Records supplied =>
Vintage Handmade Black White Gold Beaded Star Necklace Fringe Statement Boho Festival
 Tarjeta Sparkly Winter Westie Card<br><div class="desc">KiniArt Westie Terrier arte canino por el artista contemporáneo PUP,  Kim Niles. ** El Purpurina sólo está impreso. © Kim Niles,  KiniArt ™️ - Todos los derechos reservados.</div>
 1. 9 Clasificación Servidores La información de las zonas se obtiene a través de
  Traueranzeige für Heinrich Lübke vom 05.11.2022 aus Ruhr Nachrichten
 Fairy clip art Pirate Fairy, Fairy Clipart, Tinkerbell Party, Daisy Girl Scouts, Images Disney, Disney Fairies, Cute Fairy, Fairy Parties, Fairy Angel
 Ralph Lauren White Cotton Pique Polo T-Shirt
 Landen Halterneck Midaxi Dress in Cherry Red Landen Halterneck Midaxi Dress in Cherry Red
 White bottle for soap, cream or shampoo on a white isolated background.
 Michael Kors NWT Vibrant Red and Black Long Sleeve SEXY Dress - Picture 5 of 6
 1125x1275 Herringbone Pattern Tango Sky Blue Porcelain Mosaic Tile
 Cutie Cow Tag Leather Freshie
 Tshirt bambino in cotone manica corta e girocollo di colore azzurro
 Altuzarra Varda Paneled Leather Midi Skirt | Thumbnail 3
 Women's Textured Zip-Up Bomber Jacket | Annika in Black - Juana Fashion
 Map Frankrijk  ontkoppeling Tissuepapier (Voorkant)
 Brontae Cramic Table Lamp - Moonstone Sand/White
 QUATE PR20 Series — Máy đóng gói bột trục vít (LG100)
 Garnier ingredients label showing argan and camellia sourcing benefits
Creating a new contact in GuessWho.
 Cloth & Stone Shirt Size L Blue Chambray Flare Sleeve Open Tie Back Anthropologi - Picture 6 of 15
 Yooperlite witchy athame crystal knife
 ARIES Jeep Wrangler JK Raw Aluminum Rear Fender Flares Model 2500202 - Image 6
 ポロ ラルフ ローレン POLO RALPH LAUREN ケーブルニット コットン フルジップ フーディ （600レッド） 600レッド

Work request => Starting from the first line of the records above, retype each line exactly up to and including the one that contains "Traueranzeige für Heinrich", and nothing more.

Answer section =>
Vintage Handmade Black White Gold Beaded Star Necklace Fringe Statement Boho Festival
 Tarjeta Sparkly Winter Westie Card<br><div class="desc">KiniArt Westie Terrier arte canino por el artista contemporáneo PUP,  Kim Niles. ** El Purpurina sólo está impreso. © Kim Niles,  KiniArt ™️ - Todos los derechos reservados.</div>
 1. 9 Clasificación Servidores La información de las zonas se obtiene a través de
  Traueranzeige für Heinrich Lübke vom 05.11.2022 aus Ruhr Nachrichten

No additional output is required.